I had a half hour of painting time left, so I started painting the national flags on the upper arm.  First I painted a VMC “Flat Yellow” (953) square.  At the same time I did the missile tube markings on the MILAN.  I then painted a thin VMC Flat Red (957) line, trying (and usually failing, making it too thin) to fill the middle third.  At the same time I painted a small red dot above the trigger for the fire selector – the “S”/”E”/”F” marking, mostly to add a point of interest.   Figuring I was running out of steam, I called it a night.


Coming along

Wednesday Night

The “recipe” I use for the flesh areas is based off one I read in Wargames Illustrated a few years ago.

First I base coat the flesh areas in VMC “Beige Brown” (875), trying to keep the currently painted areas as untouched as possible; inevitably the guns need tidying up on the figures where they have them to shoulder.

Once that was all done, I then added the first, broad, highlight in VMC “Beige Red” (804), leaving “Beige Brown” in the deeper areas as a shadow.
Finally, I add fine highlights using VMC “Flat Flesh”.  I usually find it’s about this point, with the flesh painted, where the figure comes together.

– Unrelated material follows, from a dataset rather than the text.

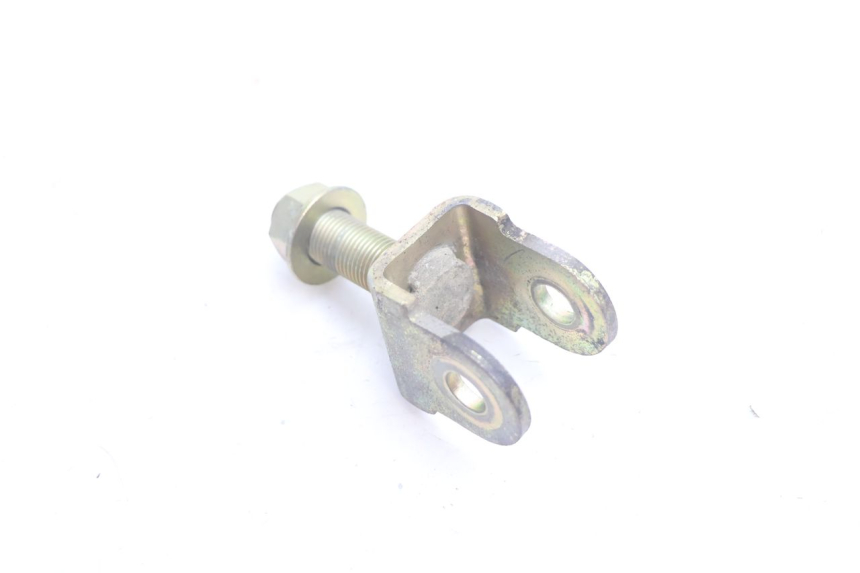 photo de SOPORTE AMORTIGUADOR KAWASAKI ZX-6R ZX6R 600 (1995 - 1997) - Zoom estado de uso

With a bit of time to spare before my self-imposed down-tools (and if I knew Matilda was going to keep me up the rest of the night I may have skipped this) I applied VMC “German Camo Medium Brown” (826) to the base, again helping to improve my opinion on the paint job.  Things definitely look better the more finished they are!


Caution!  Wet Paint!

Thursday night – Article Deadline!

I applied a drybrush of VMC “US Field Dra” (873) to the base and boots of the stands, followed by a gentle drybrush of VMC “Iraqi Sand” (819) to really pick out the texture.  I then used VMC “Brass” (801) to paint the front and back edges of the ammo belts, leaving Black Grey in the middle for the belt links.

Using the airbrush I applied a coat of acrylic floor polish to act as gloss varnish.  It’s a bit old school aircraft model maker in nature, but its works.  The gloss varnish helps stop the ink wash from spreading under capillary action, giving a sharper finish so its well worth doing.  Plus it helps the figure’s paint job resilience in use!

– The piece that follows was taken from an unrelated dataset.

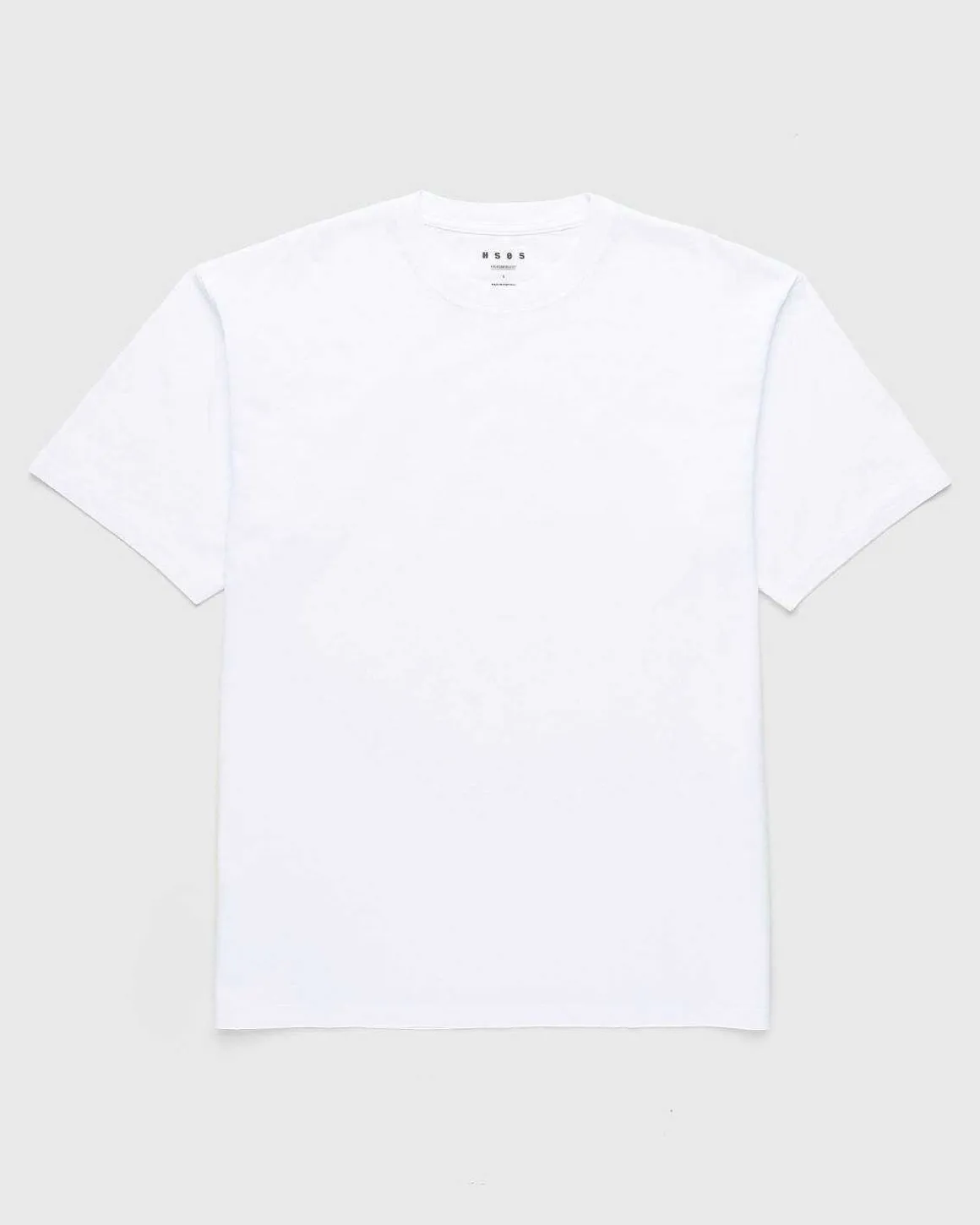 3 Pack T-Shirts Hvid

I then used Citadel Colour’s “Nuln Oil” wash, applying it carefully where the tunic met the trousers, flesh met clothes and where webbing met anything else.  I also applied a broader wash to the helmet to help the definition of the scrim.

I’ve always struggled to find a wash that I like.  It used to be the case that I’d make “magic wash” by mixing black ink with floor polish but the major manufacturers eventually realised where the market moved and made washes that basically shared the same properties, making life easier.  My old go to was the Vallejo black and brown shades that came in the original FoW “utility set”.  When they ran out I tried the various Vallejo washes but they had apparently changed the formula to have a matting agent which makes it go chalky so I stopped using it.  I was advised to look at the modern GW wash “Nuln Oil” and this seems to do the trick nicely.  I do now have a bottle of the battlefront “Colours of War” “Ordnance Shade” and that seems to give a similar finish, without matting.

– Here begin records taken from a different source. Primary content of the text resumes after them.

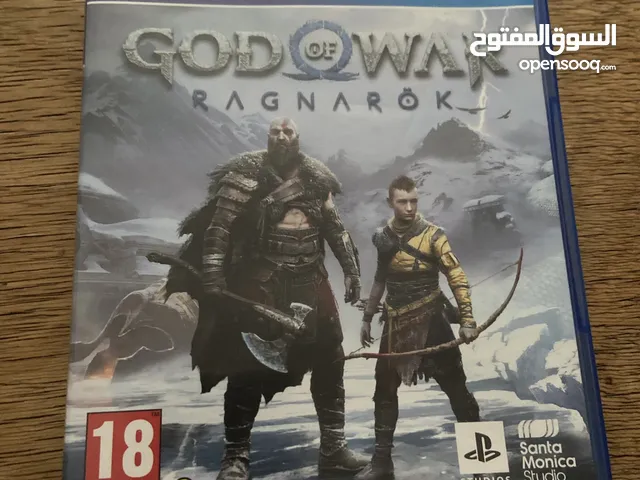 God of war ragnarok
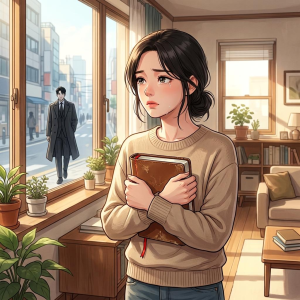 Xuyên Thành Nữ Phụ: Tôi Đem Lòng Yêu Nam Chính
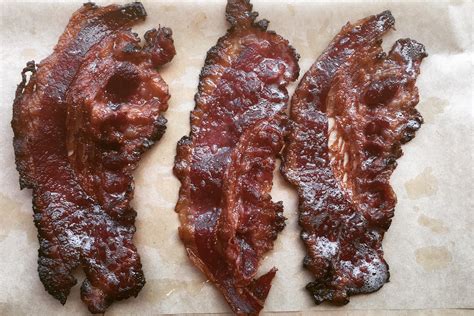 Beef Belly Bacon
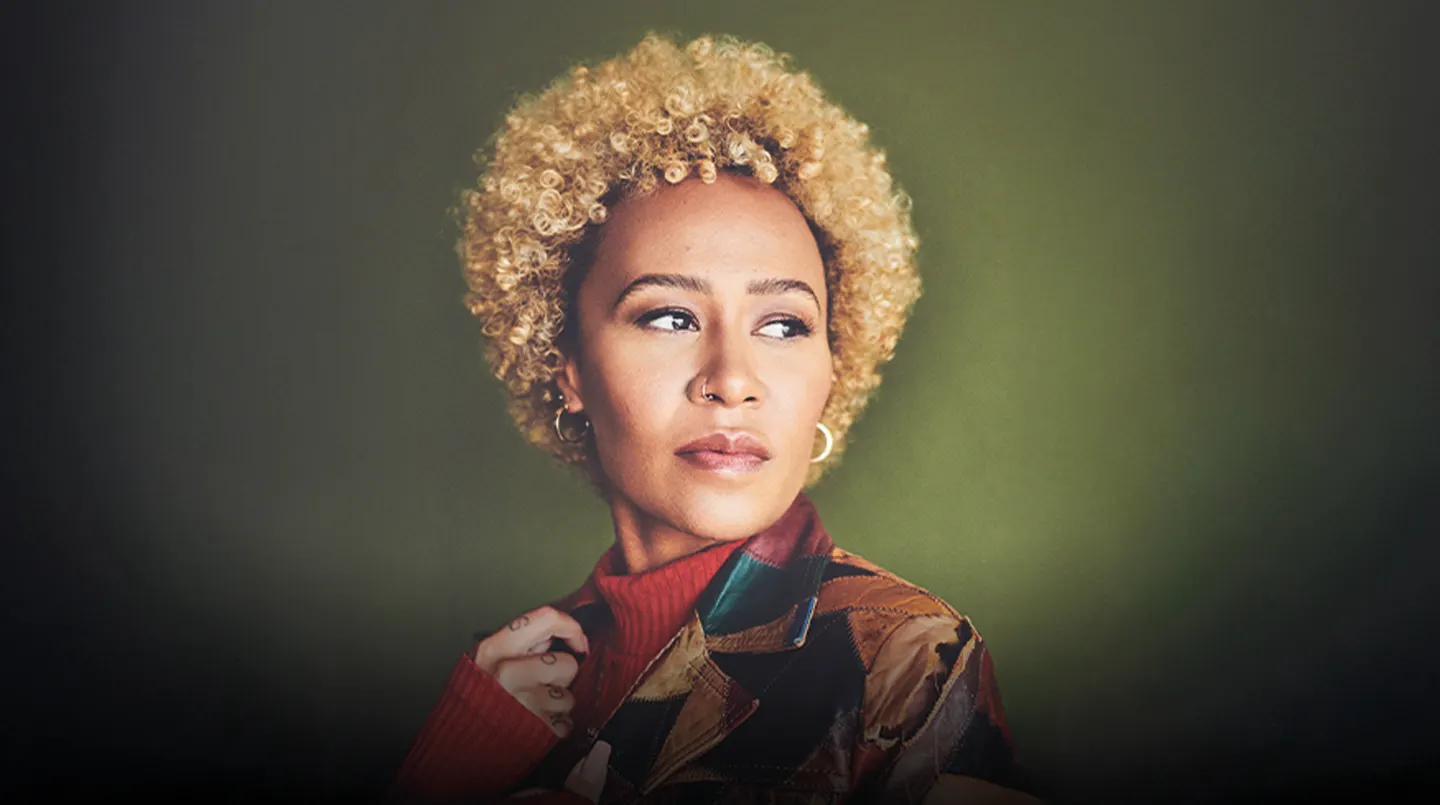 EMELI SANDÉ live in Prague, special guest: ADONXS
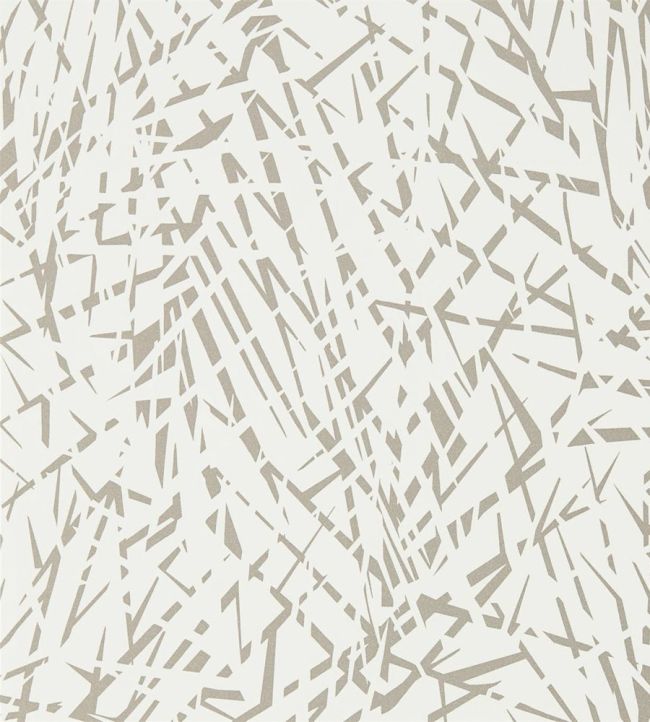 Lorenza Wallpaper by Harlequin Chalk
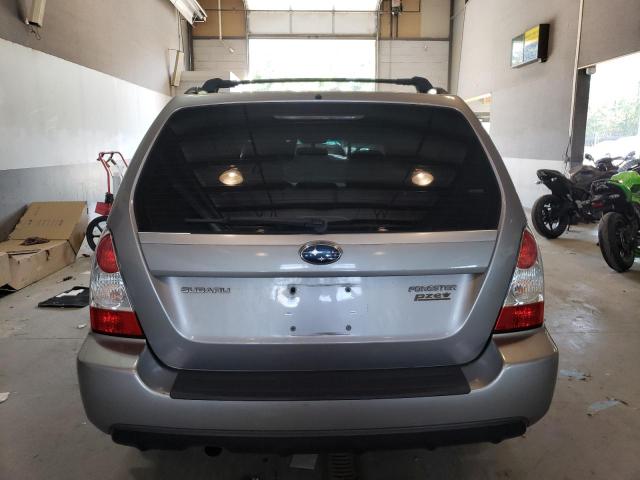 Photo 5 VIN: JF1SG63668H717268 - SUBARU FORESTER 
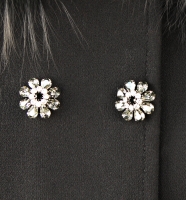 Dolce&Gabbana Fur Coat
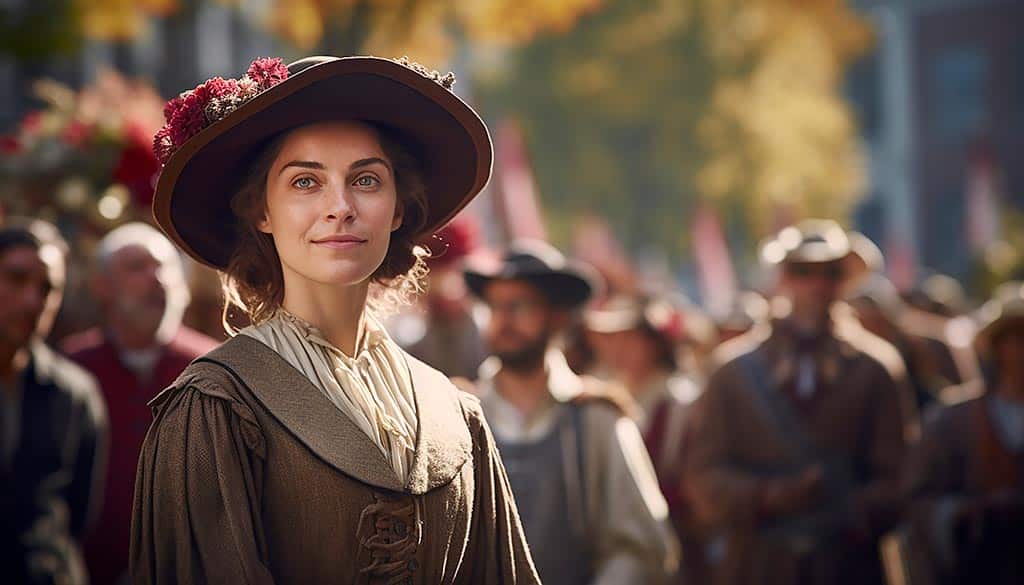 Les femmes chefs de famille au XIXe siècle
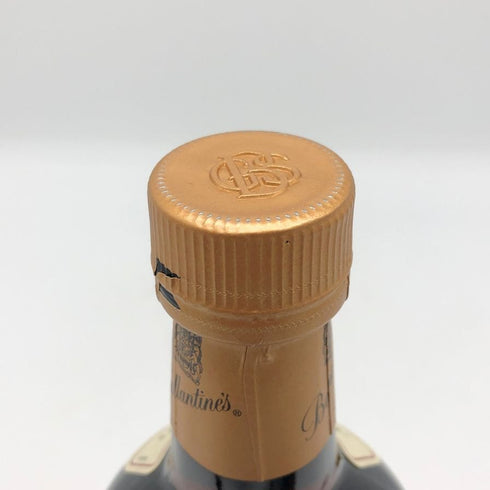 バランタイン 30年 ベリーオールド 金キャップ 700ml 43% Ballantine's VERY OLD スコッチウイスキー【O1】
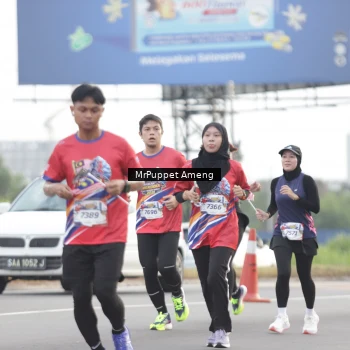 Runner Photo 5951180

I then applied matt varnish to seal.  Now it’s just a case of basing materials.  Nothing fancy, just some stilfor grass clumps and broad swathes of static grass.


All done bar the landscaping!


Still wary about painting the Russian Infantry


Tank Commanders – more painted than I could possibly need!


TOW Gunners for Jaguar 2 – the jagdpanzers themselves are next week’s job


Spare figures to populate objectives – always handy


MILAN team




So there you go!  Basing left to do over this weekend but that clears one big chunk of Hun!  Next week I’m going to try and blitz the remaining vehicles.

7 thoughts on “Mobilization! A self imposed “Leopards” painting challenge

  1. I love the detail on the Milans. I may have to go back and add some myself. Just one question: Where are your Fliegerfausts?

    1. Thanks!

      I had one platoon of Infantry and the fliegerfaust already painted. My original plans didn’t have the extra infantry so these are a late addition.